Notes: (From W.W. Norton)
- Christopher Columbus left Palos, Spain, on August 6, 1492 and sighted the shores of the Bahamian island that he and his crew named San Salvador at two in the morning of October 12. There, he seized seven Taino Indians and took them to Spain, where he renamed them and baptized them as Christians. When Columbus returned to the Americas in November 1493, Diego Colón, one of the Taino Indians, spoke of the “marvels” he had seen in Europe. Four others died during the voyage.

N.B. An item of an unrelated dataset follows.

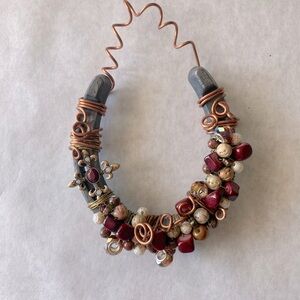 Horse shoe wall decor. Hand decorated with beads and copper wire.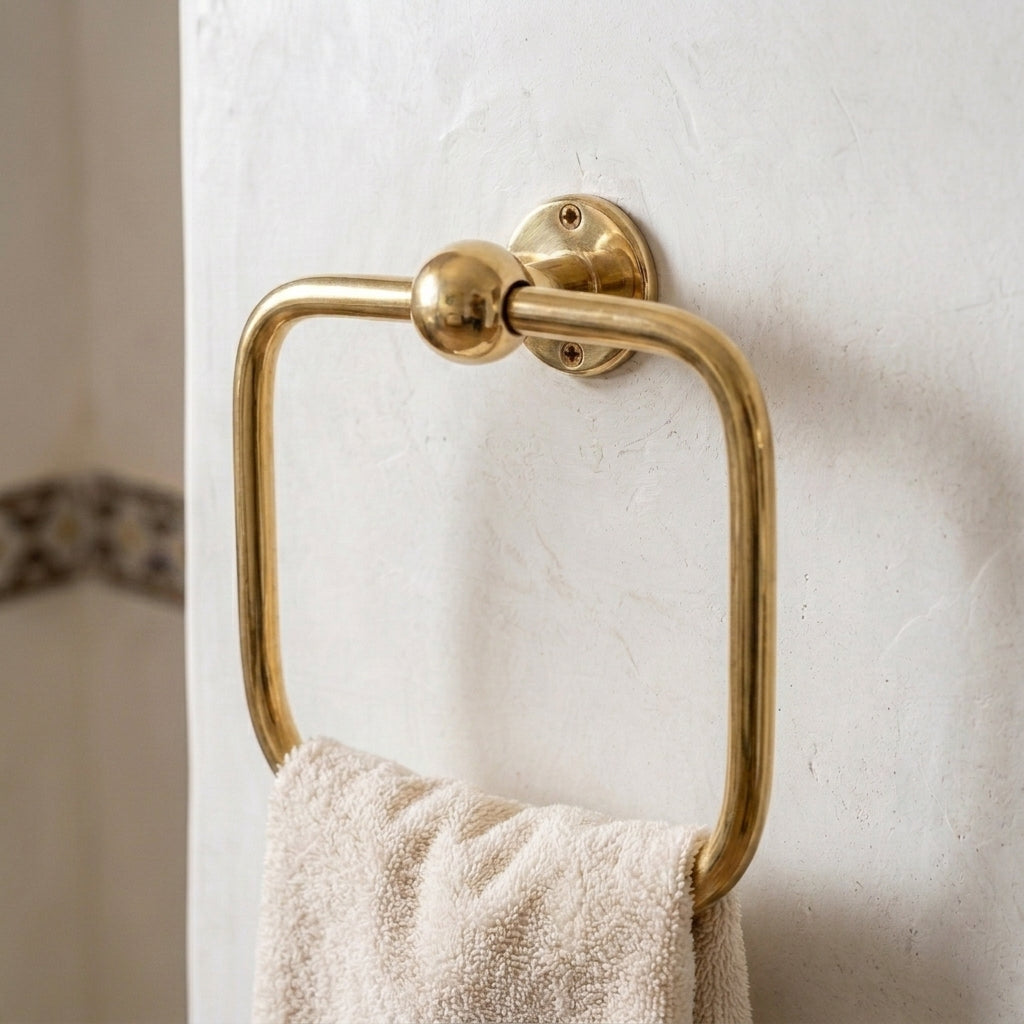 Solid brass square hand towel loop mounted on a bathroom wall with a white towel.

Later, other Europeans arrived to colonize the Americas, so that the fortresses, churches, horses, and new foods about which Colón spoke soon became part of the landscape.
- European colonists brought textiles, tools, and institutions of the church and state, such as slavery, to the Americas.
- Native American literatures originated in oral performance, which were offered to audiences as dramatic events in time and language for the ear.
- More than any European nation, Spain aggressively colonized the Americas.
Columbus’s letter to the court of Luis de Santagel, narrating his voyage to the “West Indies,” became a means to stir individual imaginations and national ambitions in Europe, but “early American writing” by Native Americans and European colonists served numerous other purposes. - Although English later became a useful lingua franca for the thirteen British colonies and the literary medium of choice, other languages remained actively in use for both mundane and expressive purposes.
- Texts that documented the cross-cultural relations of European colonists and Native Americans were prolific.